= Gordon Balch Nevin =

Gordon Balch Nevin (19 May 1892 - 15 November 1943) was an American composer and organist. A member of the Nevin musical family of Edgeworth, Pennsylvania., his cousins were the composers Ethelbert and Arthur Nevin, and he was the son of composer and businessman George Balch Nevin. The Balch Family is one of the Colonial and Revolutionary Families of Pennsylvania.

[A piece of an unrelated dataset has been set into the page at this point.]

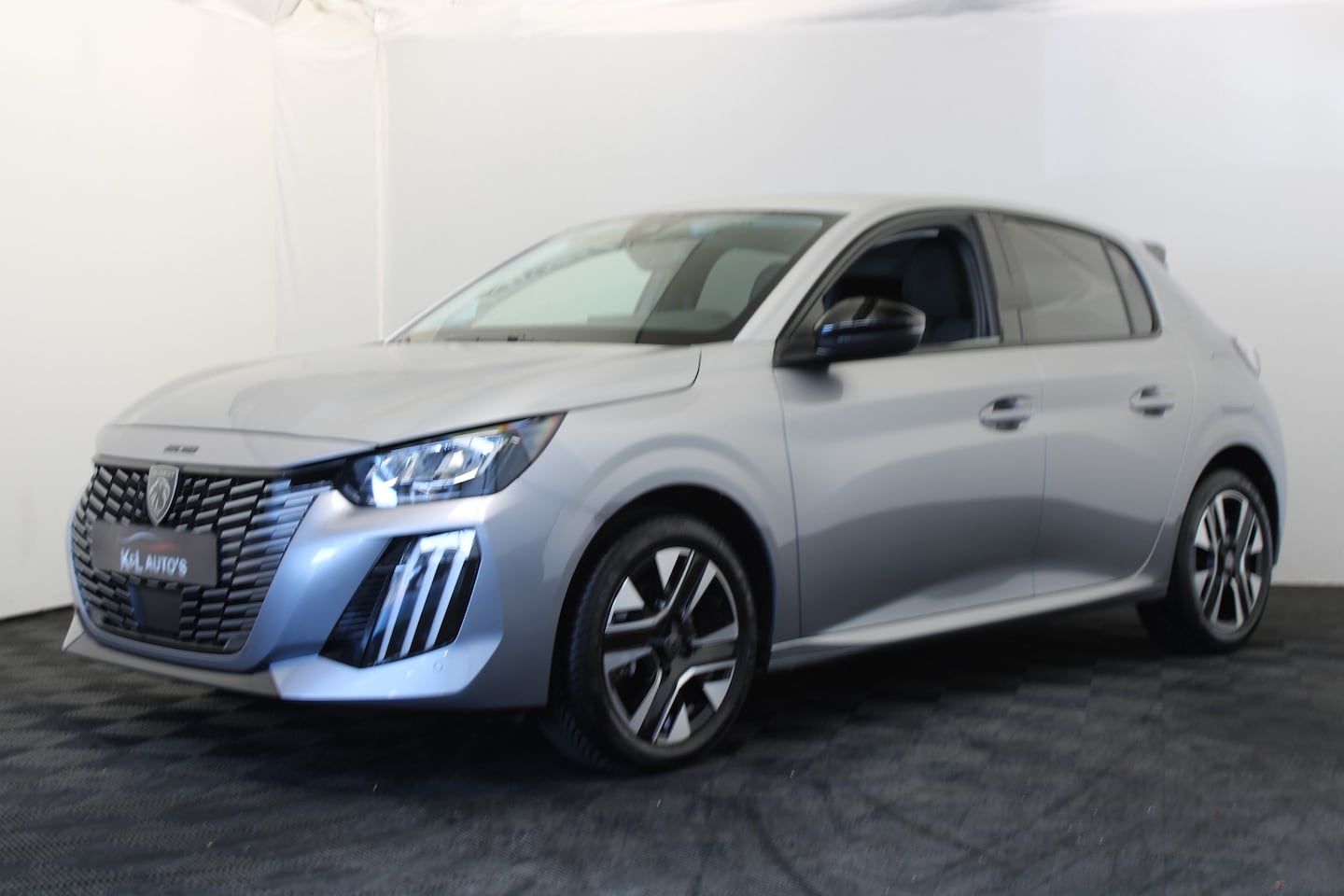 Peugeot 208 - Hybrid 100 e-DCS6 Allure |Stoelverwarming|Navi|Camera| - AutoWereld.nl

Nevin occupied the organist's chair at churches in Easton, Pennsylvania; Cleveland, Ohio; Johnstown, Pennsylvania; and he was organist of First Presbyterian Church in Greensburg, Pennsylvania, from 1918. Most of his compositions were for organ; he did, however, write a few secular songs, and among his published works are versions of several Stephen Foster songs. He was also a writer, publishing books on organ technique. He died in New Wilmington, Pennsylvania in 1943. His wife was the former Jessie Young of Johnstown, PA, a daughter of the Samuel E. and Elizabeth Rose Young Family and niece of US Congressman John Marshall Rose and grand-niece of W. Horace Rose, the 1st Mayor of Johnstown. Her Father, Samuel E. Young, was General Manager and Secretary of the Johnstown Passenger Railway Co.